Magazine Bambini
Emocromo fatto, glicemia pure, ECG, GPT, PTT, tamponi. Manca la visita anestesiologica, il coraggio e la data.
Per dovere di cronaca anche questa volta mi tocca un cesareo, in anestesia generale, e quindi negli ultimi giorni, sarà inevitabile fare la spola tra un ambulatorio e l’altro. Una pacchia e una goduria, passata praticamente seduta su bidoni di lamiera, ad aspettare senza logica e senza fila. Questo però è l’ospedale e poco, a parte rassegnarmi mentre l’anima si avvelena, posso farci. Dopo tre ore e mezzo dal mio arrivo qui, sono ancora a metà percorso. Una strana procedura burocratica mi ha portato ad aspettare fuori dalla sala parto, che non è proprio il posto più indicato per chi, come me, è a 36 settimane di gravidanza.
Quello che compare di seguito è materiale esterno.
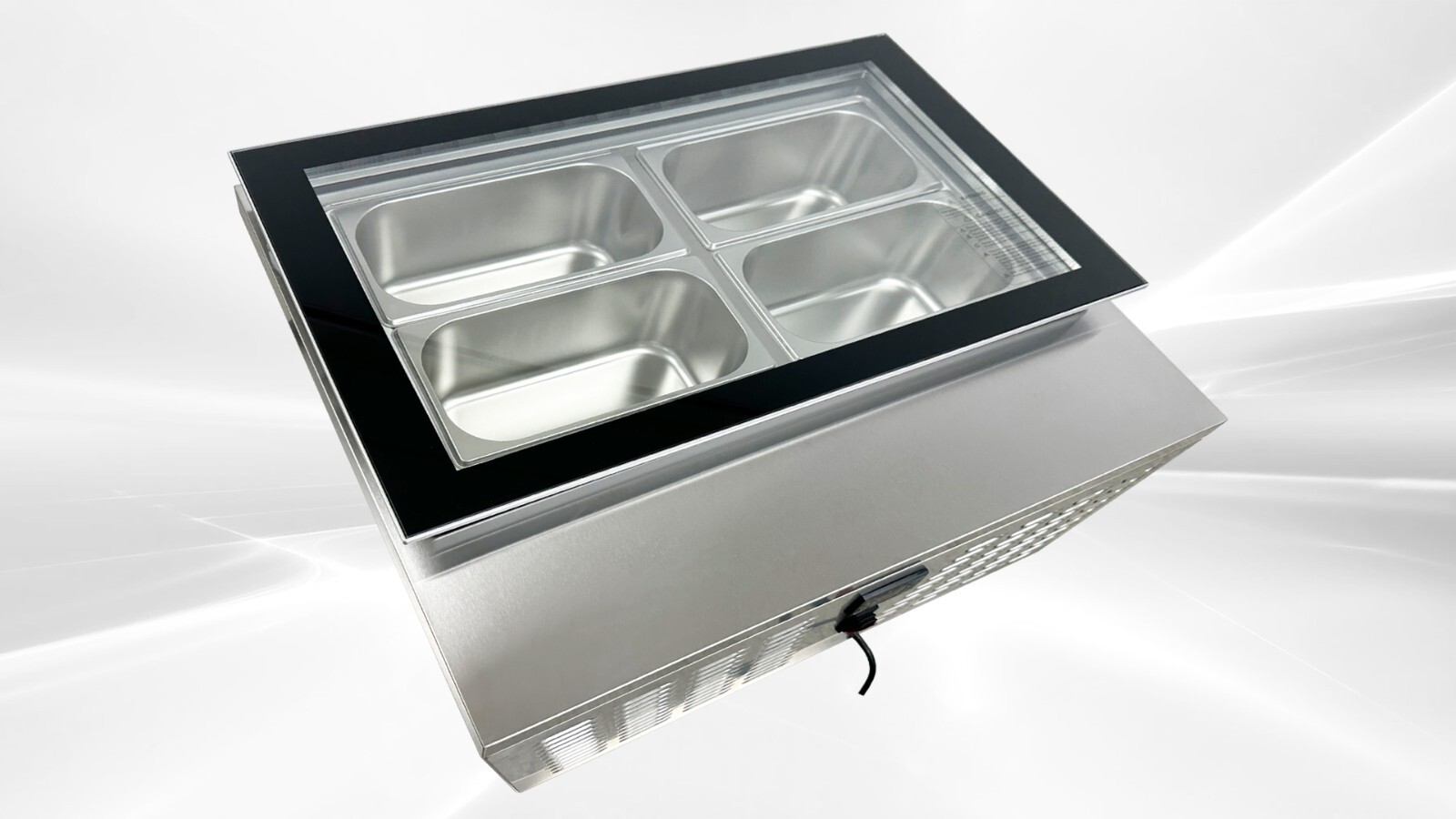 NEW 4 Pan Gelato Ice Cream Freezer Display Showcase Countertop Server NSF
La porta verde è praticamente blindata, c’è un divieto d’accesso che occupa tutta una vetrata, e un piccolo citofono bianco dice “è inutile suonare, qui non aprirà nessuno …”. Il cartellone alle mie spalle è pieno di nomi: Angela 3 kg e 200, Benvenuto a Ettore, Gabriele la gioia dei nonni e poi ancora Tommaso, Matilde, Francesco (tanti Francesco per la verità), Giorgia, per fino un eccessivo Napoleone. Davanti al cartellone, sedute in fila ordinata, con le mani che tamburellano sulle ginocchia ed i piedi sul pavimento, ci sono loro, le mamme, in attesa delle figlie che la dentro stanno urlando per dare la vita. Attrici non protagoniste di un film che conoscono e quasi comparse messe all’angolo dal ciclo della natura. Sui loro visi le scene che per prime hanno vissuto anni fa. Combattute tra la gioia di quel miracolo e il patimento per non riuscire ad evitare quel “dolore” alle loro “bambine”e forse nella mente, il ricordo del loro di parto. Di quando i papà non potevano assistere alla nascita dei propri figli e aspettavano fuori, in attesa che un’infermiera compassionevole portasse loro notizie. Ora i papà sono tutti la dentro, vestiti verdi come “lucertole” ma bianchi come lenzuoli. Uno di loro ogni tanto esce, fa capolino da dietro la porta e, con un segno con della mano, dice che è tutto ok, poi rientra. Loro, le mamme, sorridono non convinte, ne teanto meno tranquille ed aspettano.
Ne vedo alzarsi una, camminare e mettersi laggiù in fondo al corridoio, vicino alla vetrata, forse per non sentire, forse perché ha riconosciuto, tra le altre, la voce della sua piccola. Vorrei avvicinarmi e dirle che tutto sta andando bene e come deve, che presto sarà finito e lei sarà, oltre che mamma, nonna ma inevitabile si fa strada in me, il pensiero, che se la vita me ne darà l’opportunità, tra un bel po’ d’anni, forse ci sarò anch’io seduta su quelle panche in attesa, con le mani che tamburellano sulle ginocchia e i piedi sul pavimento ad aspettare. Proprio come oggi, ma con un obiettivo diverso.
Improvvisamente la porta si apre, lui esce: è nato. Baci, abbracci, congratulazioni e molte lacrime. Dietro un’infermiera fa capolino: “Chi è la Signora che deve fare la visita anestesiologica?”… ecco tocca a me. L’attesa è finita...per tutte.